Memory 32 may include one or more computer-readable storage media, which may be non-transitory. Memory 32 may also include high speed random access memory, as well as non-volatile memory, such as one or more magnetic disk storage devices, flash memory storage devices. In this embodiment, the memory 32 is at least used for storing the following computer program 321, wherein after being loaded and executed by the processor 31, the computer program can implement relevant steps in the music neural network model pre-training method executed by the electronic device side disclosed in any of the foregoing embodiments. In addition, the resources stored by the memory 32 may also include an operating system 322, data 323, and the like, which may be stored in a transient or persistent manner. Operating system 322 may include Windows, Unix, Linux, etc.
In some embodiments, the electronic device 30 may further include a display 33, an input/output interface 34, a communication interface 35, a sensor 36, a power source 37, and a communication bus 38.
Of course, the structure of the electronic device shown in fig. 3 does not constitute a limitation of the electronic device in the embodiment of the present application, and in practical applications, the electronic device may include more or less components than those shown in fig. 3, or some components may be combined.
In another exemplary embodiment, a computer readable storage medium including program instructions is further provided, which when executed by a processor, implement the steps of the music neural network model pre-training method performed by the electronic device according to any of the above embodiments.
The embodiments are described in a progressive manner in the specification, each embodiment focuses on differences from other embodiments, and the same and similar parts among the embodiments are referred to each other. The device disclosed by the embodiment corresponds to the method disclosed by the embodiment, so that the description is simple, and the relevant points can be referred to the method part for description.
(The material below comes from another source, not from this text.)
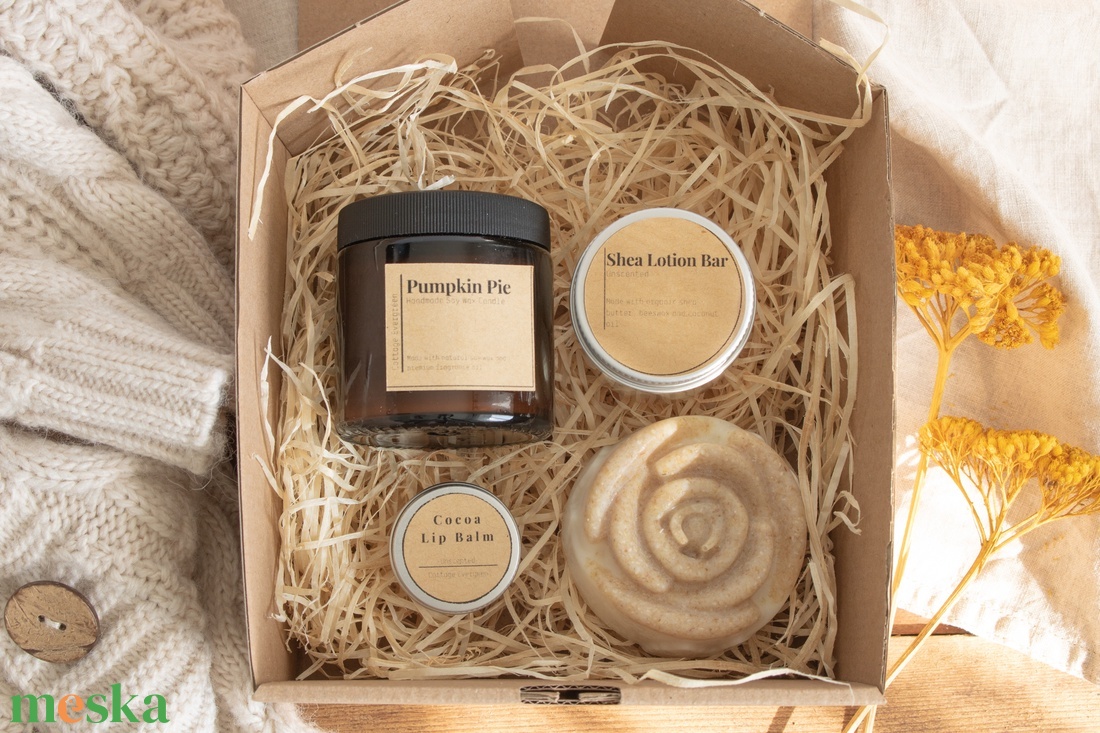 Őszi ajándékcsomag, Ajándék nőknek, Tökös pite Illatgyertya Csomag, Self Care Gift Box, Szójaviasz gyertya - szépségápolás - kozmetikai ajándékcsomag - Meska.hu Őszi ajándékcsomag, Ajándék nőknek, Tökös pite Illatgyertya Csomag, Self Care Gift Box, Szójaviasz gyertya - szépségápolás - kozmetikai ajándékcsomag - Meska.hu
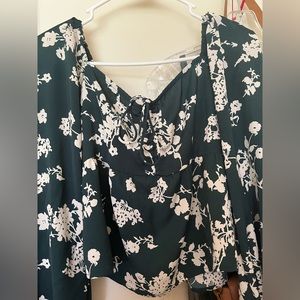 Abercrombie & Fitch Cinched Blouse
It should be noted that, for those skilled in the art, it is possible to make several improvements and modifications to the present application without departing from the principle of the present application, and such improvements and modifications also fall within the scope of the claims of the present application.
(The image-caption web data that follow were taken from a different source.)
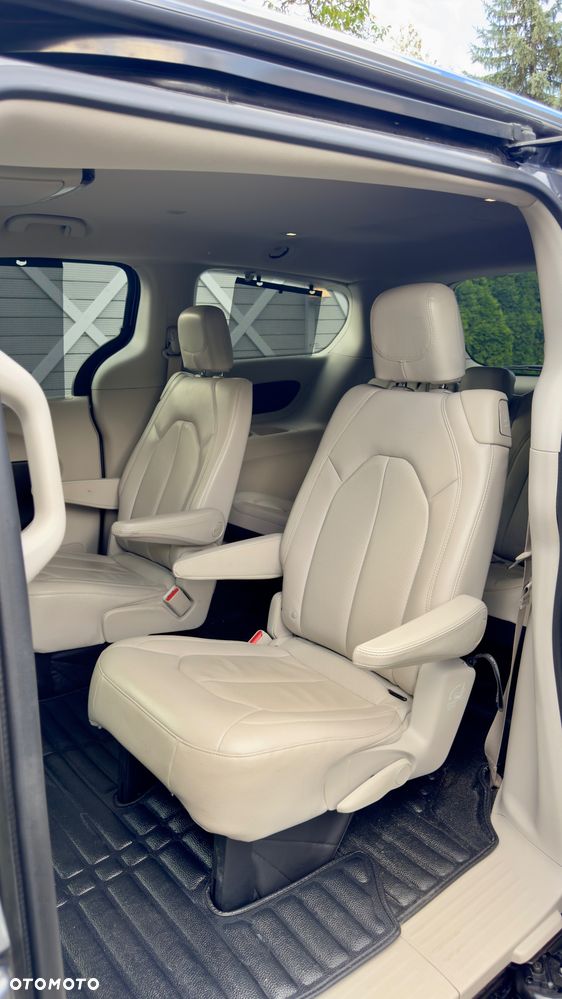 Chrysler Pacifica - 25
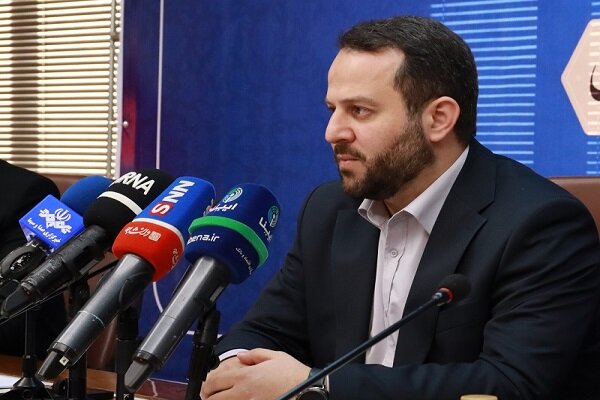واردات خودرو انحصاری نیست/ ارز کارکرده‌ها باید تعیین تلکیف شود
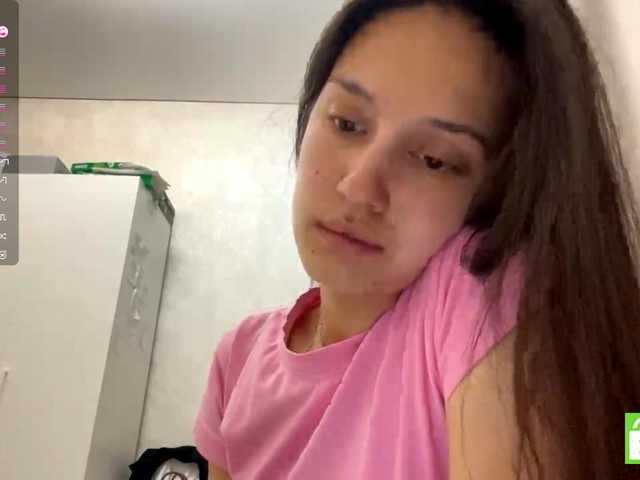 JacquelynClowes live cam on BongaCams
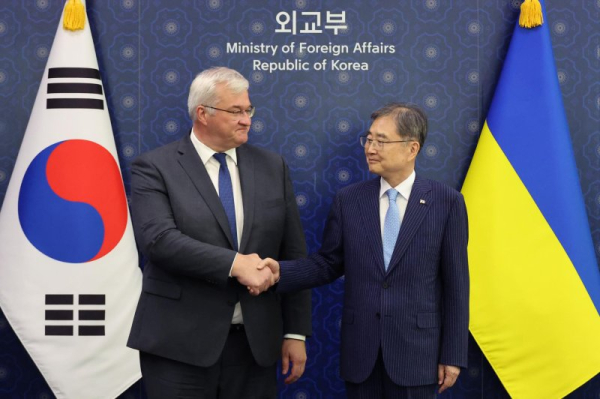 S. Korean, Ukrainian FMs hold talks on bilateral ties, N. Korean POWs
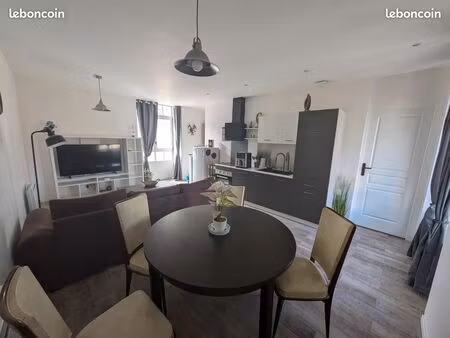 appartement dans une maison rénovée avec beaucoup de charme  42 m2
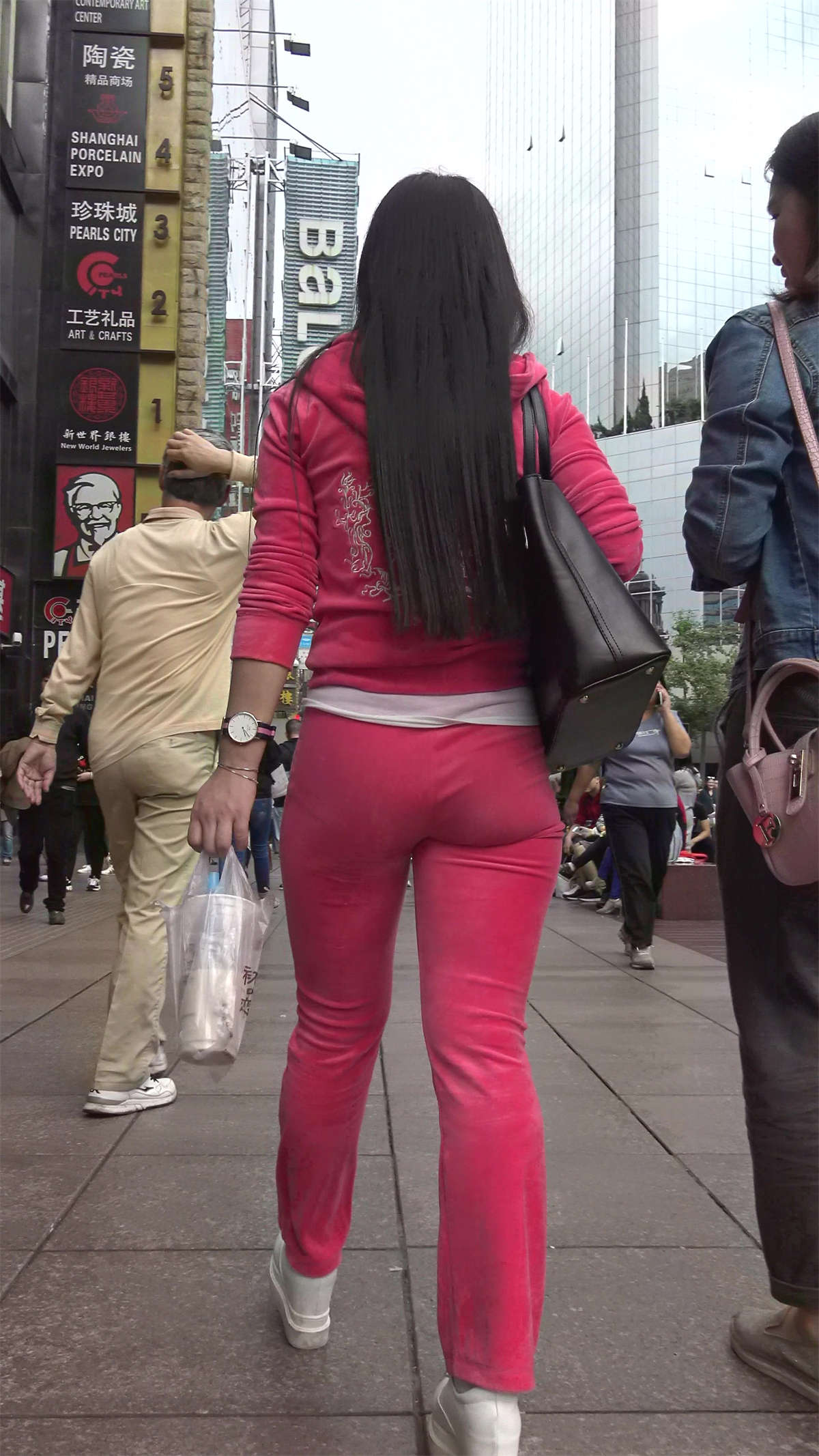 极度诱惑粉色紧身运动套装街拍气质美臀美女-日更街拍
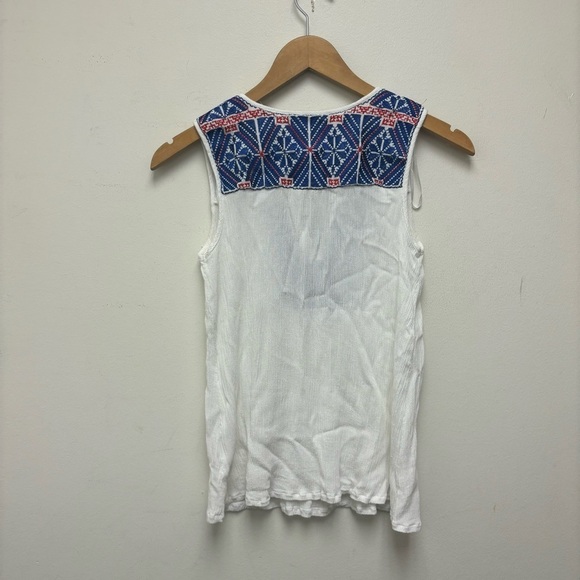 Solitaire Sleeveless Embroidered Top - Picture 11 of 12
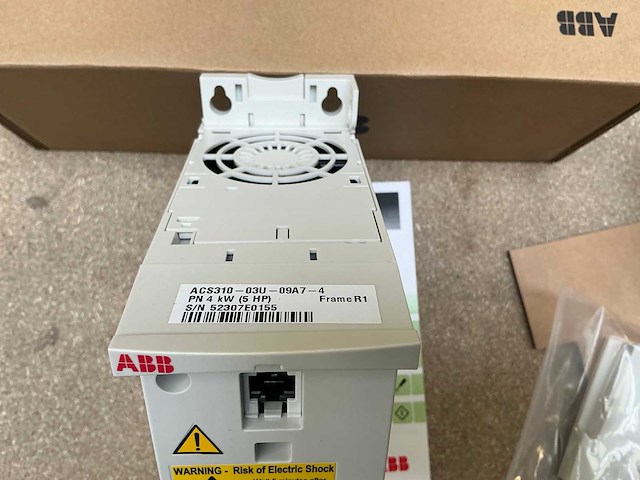 Abb acs310-03u-09a7-4 frequentieregelaar (2x) - afbeelding 6 van  9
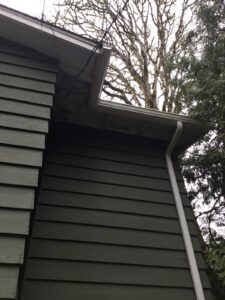 A Residential White Gutter Installation by Affordable Roofing & Gutter Company in Lebanon, Oregon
It is further noted that, in the present specification, relational terms such as first and second, and the like are used solely to distinguish one entity or action from another entity or action without necessarily requiring or implying any actual such relationship or order between such entities or actions. Also, the terms "comprises," "comprising," or any other variation thereof, are intended to cover a non-exclusive inclusion, such that a process, method, article, or apparatus that comprises a list of elements does not include only those elements but may include other elements not expressly listed or inherent to such process, method, article, or apparatus. Without further limitation, an element defined by the phrase "comprising an … …" does not exclude the presence of other identical elements in a process, method, article, or apparatus that comprises the element.